▶ [ASSIGNMENT]: Word for word, set down the lines from the one that contains "2021 Kia K5 LX" through the final line of the data; no pictures belong in the copy.

▶ [DATA PROVIDED]:
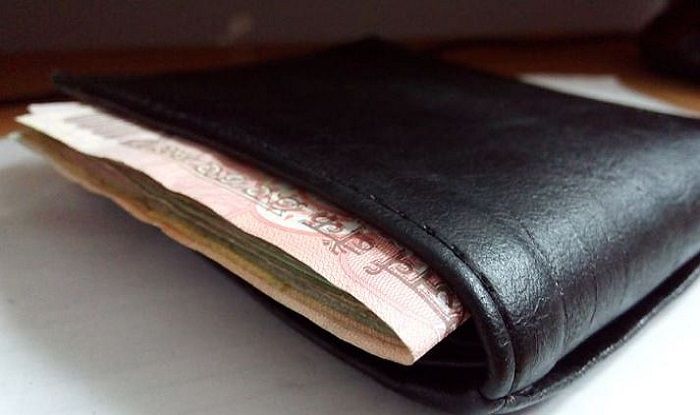 Vastu Tips: घर से निकलने से पहले पर्स में रख लें ये चीजें, नहीं होगी धन की  कमी - Vastu Tips for Purse Keep these things in your purse for financial  gain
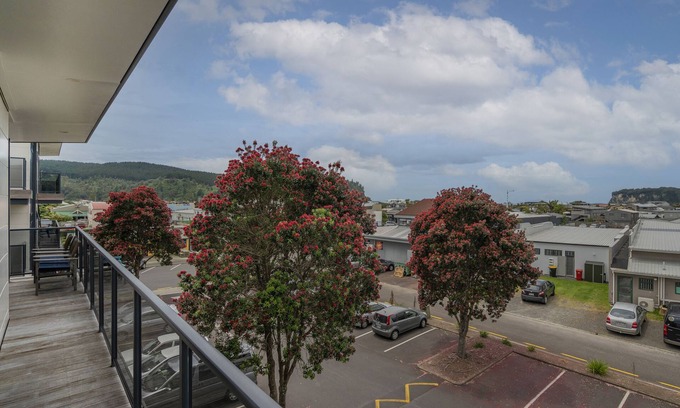 Whangamata Maison | Beachy Keen - Whangamata Holiday Apartment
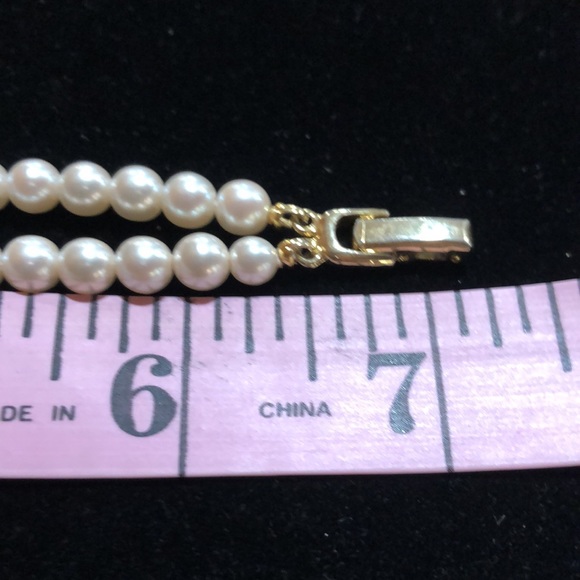 🔥Closet Clear Out🔥 Faux Pearls Necklace & Bracelet Set - Picture 11 of 11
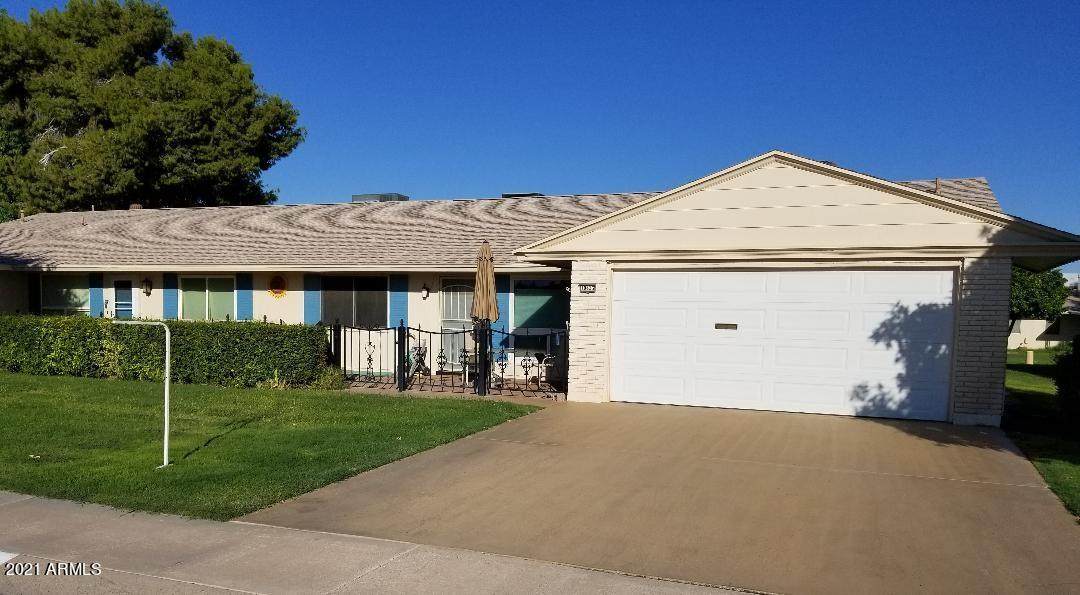 10423 Kingswood Circle - Photo 1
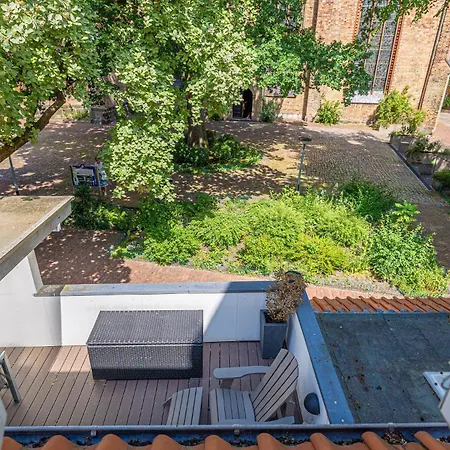 Fewo1846 - Dampfer Alexandra Ii - Urige Mit Zwei Schlafzimmern Am Nordermarkt Im Stadtzentrum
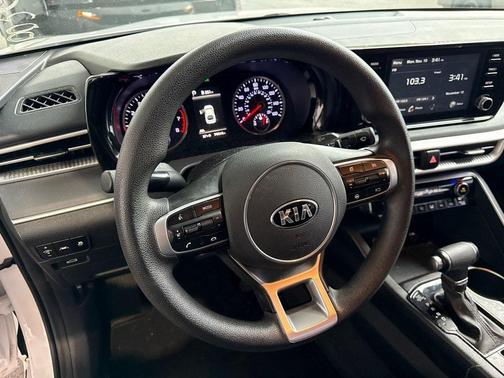 2021 Kia K5 LX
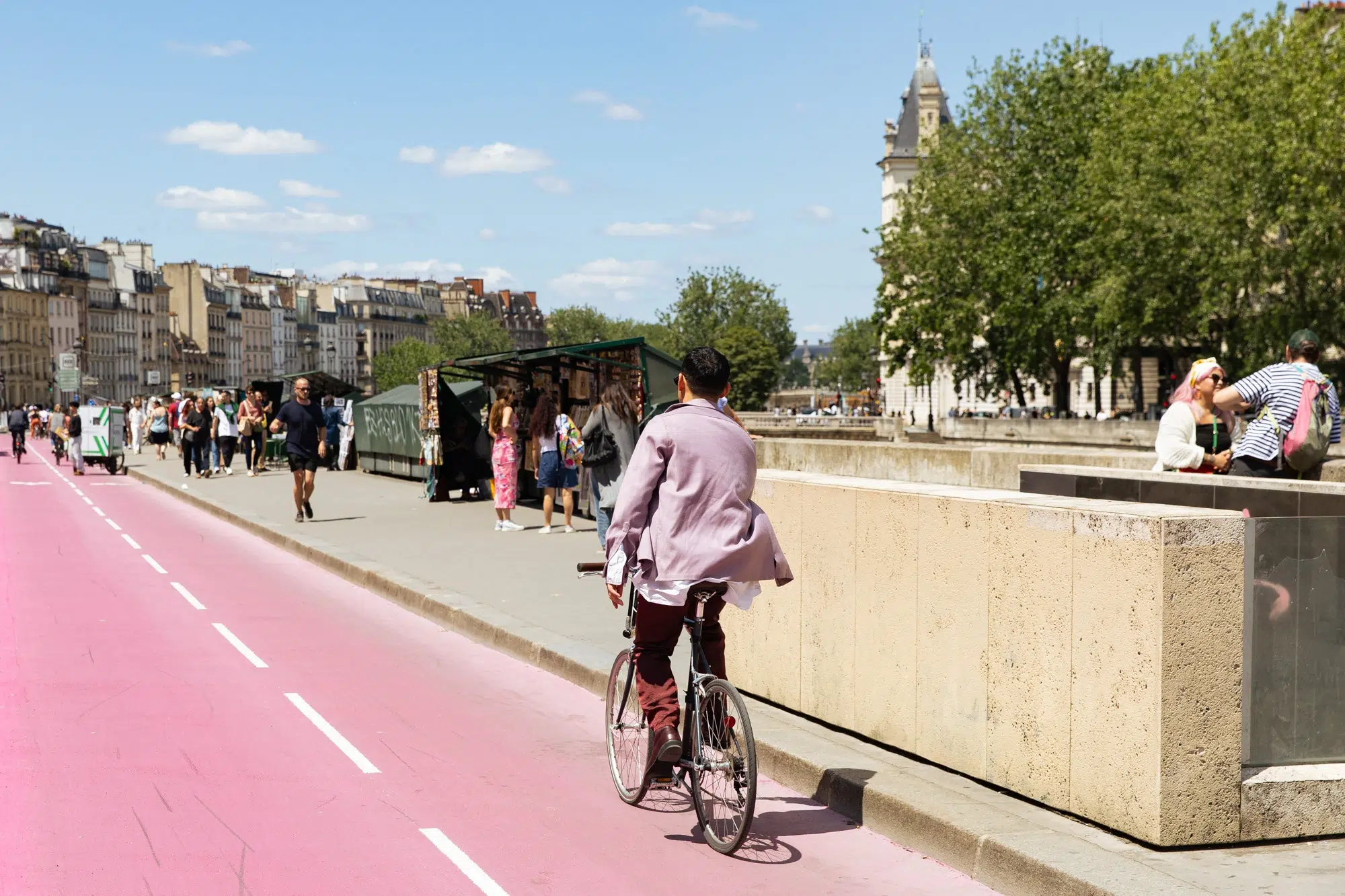 psite-cyclable-rose-quai-saint-michel-paris-jeux-olymiques-2024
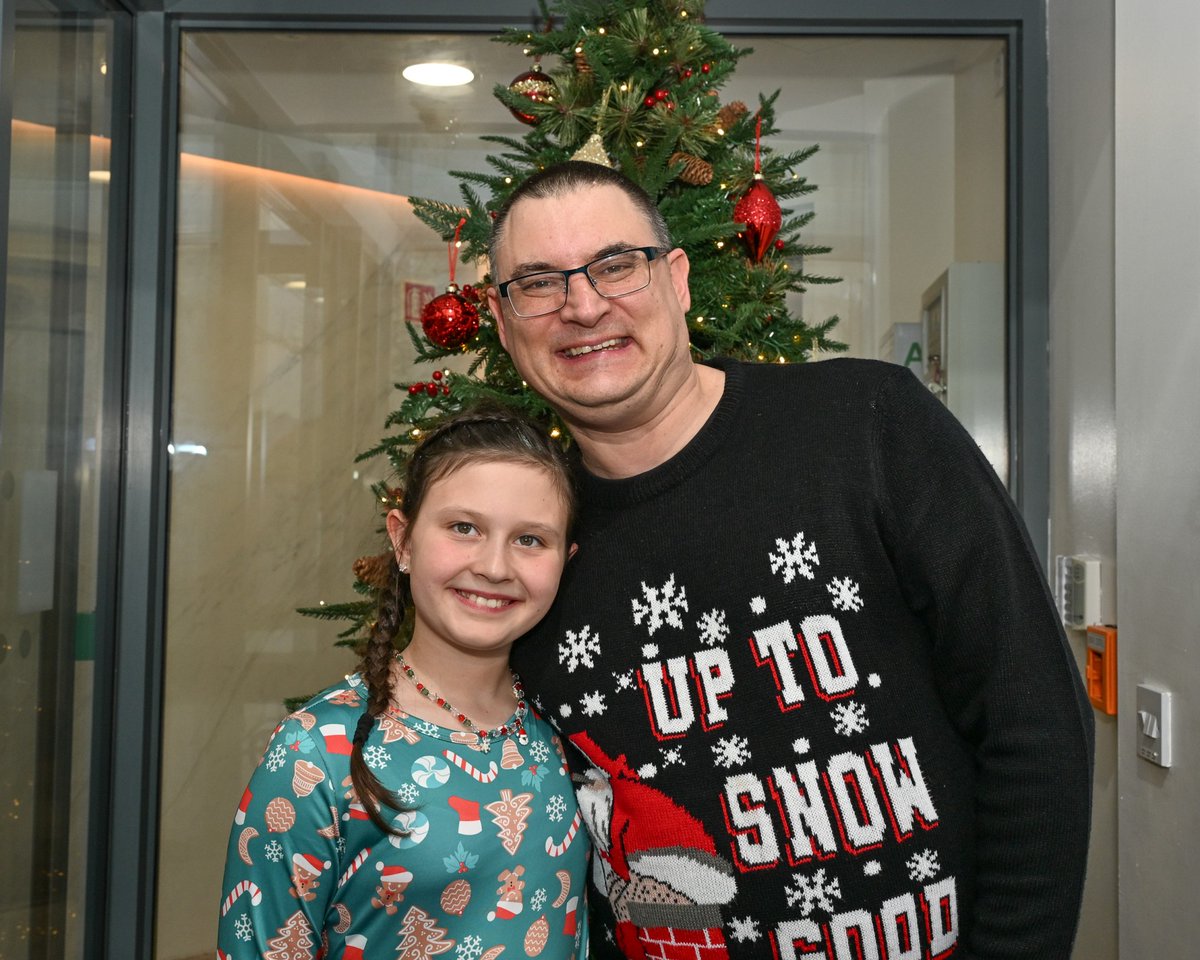 CluneTech's tweet image. Our Kilkenny HQ was brimming with festive cheer as we hosted our #KidsChristmasParty, complete with face painting, crafts, treats, music, and a special visit from Santa 🎅🎁 Huge thanks to everyone who joined – roll on next year! 🥳✨ #CluneTech #OneTeam #HappyChristmas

▶ [WRITTEN SOLUTION]:
 2021 Kia K5 LX
 psite-cyclable-rose-quai-saint-michel-paris-jeux-olymiques-2024
 CluneTech's tweet image. Our Kilkenny HQ was brimming with festive cheer as we hosted our #KidsChristmasParty, complete with face painting, crafts, treats, music, and a special visit from Santa 🎅🎁 Huge thanks to everyone who joined – roll on next year! 🥳✨ #CluneTech #OneTeam #HappyChristmas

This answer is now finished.